PROMPT:
If any record holds an image, omit the image and print the rest exactly.

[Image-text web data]

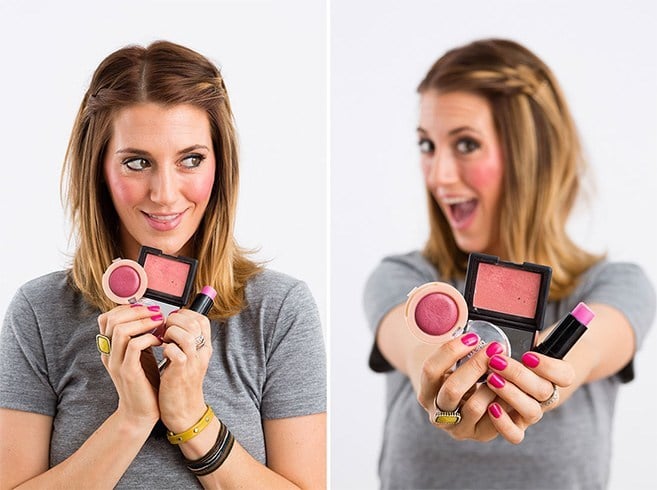 Different Ways To Apply Blush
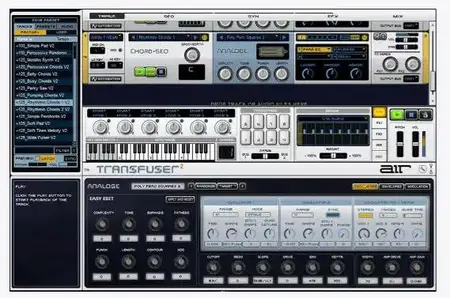AIR Music Technology Transfuser v2.1.1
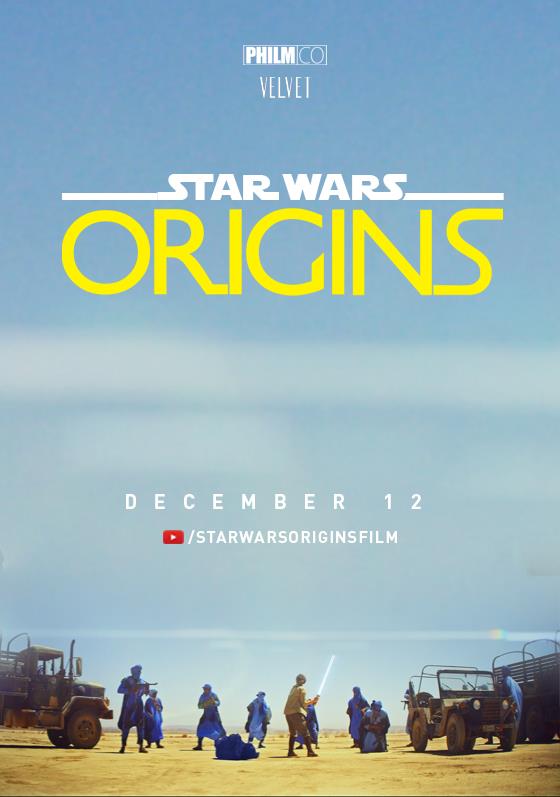 Star Wars: Origins, il trailer del fan film che mette Indiana Jones e Guerre Stellari nello stesso universo Il poster del fan film Star Wars: Origins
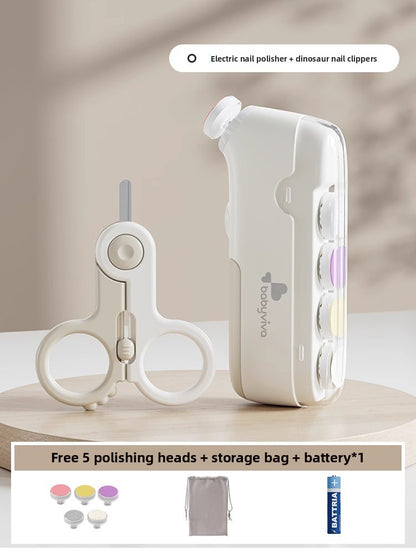 Electric nail grinder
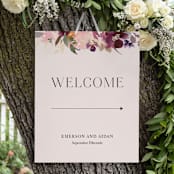 "Fleur" - Large Signs in Blush by Lori Wemple - In Use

OUTPUT FOR THIS EXERCISE:
 Different Ways To Apply Blush
AIR Music Technology Transfuser v2.1.1
 Star Wars: Origins, il trailer del fan film che mette Indiana Jones e Guerre Stellari nello stesso universo Il poster del fan film Star Wars: Origins
 Electric nail grinder
 "Fleur" - Large Signs in Blush by Lori Wemple - In Use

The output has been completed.